J'étais encore assis dans la classe à humer les douces odeurs d'autrefois, à admirer le calligramme pluvieux et à laisser ces mots de pluie ruisseler sur mon visage, quand soudain, Germaine, ma chère vieille collègue infirmière, m'avait extrait de ma rêverie.
"Viens Christophe…" m’avait-elle dit.
Inquiète de voir la moitié des patients absents dans le réfectoire, elle était venue jusqu’à moi et avait vu le groupe dissident sous la pluie.
Germaine était notre aînée, d'âge et d'expérience. Elle était la douceur incarnée, la patience absolue et le sourire éternel. Ses conseils étaient toujours précieux.
Souvent elle m'avait aidé, extirpé de bien des situations difficiles.
Certes, parfois elle bousculait les protocoles ou les habitudes du service, qu’elle adaptait à sa guise, mais tout cela avait toujours du sens et un objectif unique, créer du lien. D’ailleurs, les patients l'appréciaient grandement.
Je ne sais pas si c’était la situation en cours, mon récit gêné, ou mes chaussures qui désormais faisaient des bulles, mais elle avait ri, comme indifférente au problème que je lui exposais…
Puis elle avait pris ma main…
“Viens Christophe! Allons nous asseoir avec eux!”.

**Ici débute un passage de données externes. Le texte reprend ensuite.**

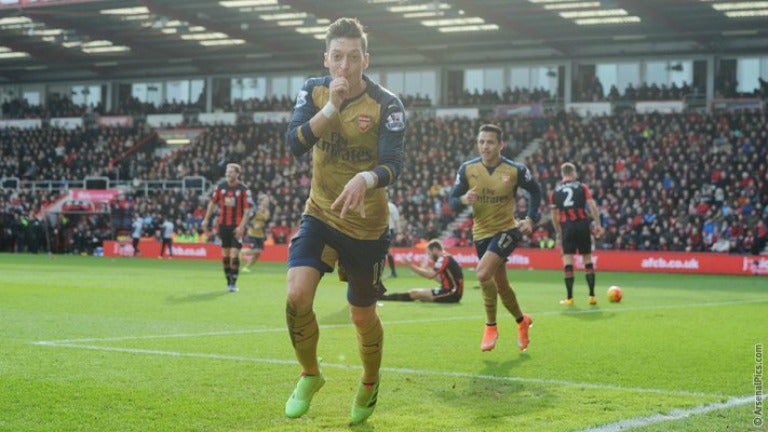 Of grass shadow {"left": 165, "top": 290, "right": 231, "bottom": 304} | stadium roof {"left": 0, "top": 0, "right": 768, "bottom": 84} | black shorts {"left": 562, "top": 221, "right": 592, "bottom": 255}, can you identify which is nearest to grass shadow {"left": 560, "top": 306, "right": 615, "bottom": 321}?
black shorts {"left": 562, "top": 221, "right": 592, "bottom": 255}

Et elle m'avait emporté. Je me décomposais, elle m'entraînait de plus belle en riant. Et je l'avais suivie, incrédule et stupéfait…
Dans un fol élan, nous avions presque sautillé jusqu'à eux comme des enfants en rejoignant d'autres dans la cour de l'école.
La scène semblait irréelle…
En cercle sous un déluge dantesque, nous étions maintenant tous assis dans l’herbe ou plutôt dans la boue. Les patients étaient ravis que nous les ayons rejoints, et arboraient des sourires radieux.
Puis, dans un jeu improvisé par les patients, comme une sorte de groupe de parole, chacun à notre tour, nous nous étions présentés.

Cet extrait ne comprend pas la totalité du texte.